The New York State Public Service Commission approved a rate increase by Long Island American Water (LIAW) earlier this year, allowing the company to raise rates for the first time since they were previously set in 2008. According to a press release by the Public Service Commision on March 15th, LIAW’s rates increased by 2.48 percent for a residential customer using 72,000 gallons of water per year. The increase brings the total water bill for the year up to $391.73 for that customer, up from the previous average of $382.25.
The rate will continue to increase for two years after the first increase, including a 2.63 percent increase during 2013 and a 2.17 percent increase in 2014. The final increase will bring the average LIAW customer’s rate to about $411 a year. The rate increase went into effect starting on April 1st. Rates increased on the average by about two percent between 2008 and 2011, according to LIAW President William Varley. In the billing period from April 2011 to March 2012, Varley said LIAW did not raise rates. Last year, LIAW initially looked to increase rates by as much as 20 percent, but the Commission knocked down the large increase as the year went on.
“The rate increases are just caused by capital improvements,” said Varley. “They go towards helping us pay to treat the system.”

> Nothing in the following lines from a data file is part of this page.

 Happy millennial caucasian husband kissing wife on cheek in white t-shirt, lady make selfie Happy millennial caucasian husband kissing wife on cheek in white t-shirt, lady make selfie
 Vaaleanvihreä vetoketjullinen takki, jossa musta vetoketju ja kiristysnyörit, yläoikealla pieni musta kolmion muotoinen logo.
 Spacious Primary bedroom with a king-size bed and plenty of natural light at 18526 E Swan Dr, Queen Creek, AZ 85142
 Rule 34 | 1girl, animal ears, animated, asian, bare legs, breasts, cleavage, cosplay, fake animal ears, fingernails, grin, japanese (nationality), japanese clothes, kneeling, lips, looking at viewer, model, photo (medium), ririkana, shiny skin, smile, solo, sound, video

While the amount paid for the water services provided by LIAW head upwards, the iron problems continue to plague the system from Inwood to Lynbrook. An annual water quality report published by LIAW for the year 2011 found the system had roughly twice the “maximum content level” (MCL), or legal limit, of iron in the entire LIAW system. The MCL for iron is 0.3 milligrams per liter; the source tested last year ranged from as little as 0.14 mg/l up to a maximum 0.63 mg/l. However in a public letter sent by Varley on February 29th in response to public comments, he noted the legal limit for iron levels to be 1.5 mg/l as long as the utility uses a sequestering agent such as LIAW does with sodium silicate.
Last year, The South Shore Standard reported the levels in our area topped out at over three times the normally enforced legal amount at nearly 1 milligram per liter during tests conducted throughout 2010.
The Environmental Protection Agency (EPA) includes iron as a “secondary standard,” or a contaminant not considered to cause health problems, and are not enforced by the organization. Water providers are not obligated to test for these foreign particles, but are asked to check on a voluntary basis. Iron is noted for giving off unwanted aesthetic effects, including taste, smell and cloudiness, and technical effects, including a rusty color, sediment build-up, a metallic taste and reddish or orange staining in tubs and sinks.
“Historically, the South Shore of Long Island has high iron deposits,” said Varley. “Since 2005, we’ve taken aggressive effort against filtering it out. We have constructed $16 million worth of facilities to remove iron from the water.” Varley also said that LIAW had spent over $6 million on water main replacements throughout its service area.
LIAW has begun work on a new iron filtration plant in Lynbrook that the company hopes will help to ease the problem, but the facility will not be completed until 2013. LIAW has also replaced piping throughout parts of its system, including trouble-spots in Lawrence where customers’ filtration systems turned brown and black in a matter of weeks, as well as flushing out pipes.
“Between the building of new treatment and removal plants and replacing the water mains, I think we’ve done a good job,” said Varley.
“I still think the water is so dirty,” said Lawrence Mayor Martin Oliner. “We considered our own iron removal facility. I think a lot of the boilers and pools in the village have been damaged in the area.”
Oliner, who had proposed having the Village of Lawrence buy out LIAW for the responsibilities of its water system during a board meeting last year, said he hoped the village and neighboring areas would see changes soon.
“We’re working pretty closely with them to put in new piping, but its not the total issue,” said Oliner. “Its the well water that they are sending us. We’ve made some progress though and we have been able to put in new pipes, so in that regard things have been good.”